Not long after the Naz.API incident raised fears of a “phone book” of all prior data leaks made readily available for criminal consumption, just such a database was discovered by security researchers in a private hosting account that seems to have been accidentally left open to internet traffic.
It’s not yet known who pulled all this data together or what they intended to do with it, but the new “MOAB” is by far the largest COMB or “combo file” that has yet appeared. It spans some 26 billion records in total; though a chunk of that is very likely to be duplicate entries, it presently dwarfs the prior largest collection at about nine times its size. It seems to include nearly all of the big data leaks of the past decade and beyond, organized into a set of over 3,800 folders for each individual breach or company.
Data leaks continue to centralize, with no way to stop them
The old adage about the internet is that once something is out there, it’s out there forever. That’s no less true for data leaks. It has taken some time, but they are inevitably becoming centralized via underground sources and more easy to search through and make connections.
It’s still unknown whether MOAB contains any new information. That possibility was illustrated very recently by Naz.API, which turned out to have tens of millions of new compromised email addresses in its depths. But even if it has nothing new, it is almost certainly going to trigger fresh waves of credential stuffing and scam attempts.
Also unknown is exactly who put it together, though an illicit data broker or some sort of profit-seeking cyber criminal is a pretty safe bet. It is unclear if anyone else found it prior to the security researchers, but it is almost certainly spreading now that the news is out.
There will be more data leaks and they will be centralized in this way, and at minimum that means every internet user has to cease recycling their passwords. Ideally, it also means making the jump to a solid multi-factor authentication method and a reputable password manager. Password re-use continues to be worryingly high despite the frequency of major data breaches and repeated warnings from the cybersecurity community, as is the use of simple and easily-guessed passwords.
MOAB data leak sources searchable at Cybernews
Cybernews and security researcher Bob Dyachenko of SecurityDiscovery.com broke the story, with the former maintaining a list of the folders found in the MOAB at their website.
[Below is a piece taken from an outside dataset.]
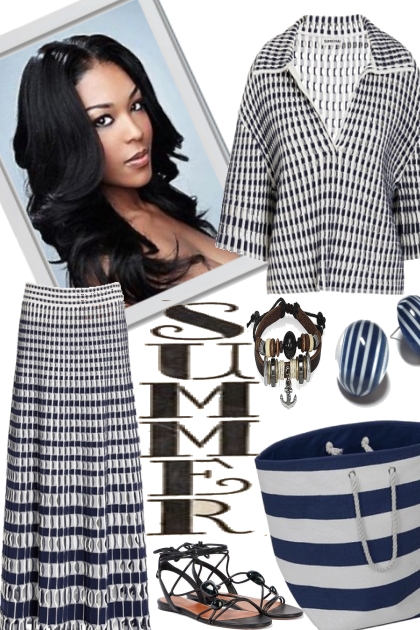 STRIPE THE .. SUMMER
Combo files in the style of MOAB have been around for years now, with the first of the big newsmaking examples being the “Collection” series that appeared in 2019. Since then it has just been a matter of time for all of this information to be condensed and made more searchable and connected; it was just a question of who would end up doing it, and why. Cyber crime is always the central motivation, however, and that means a more proactive approach of monitoring new data leak developments of this sort and empowering employees with more secure means of logging in.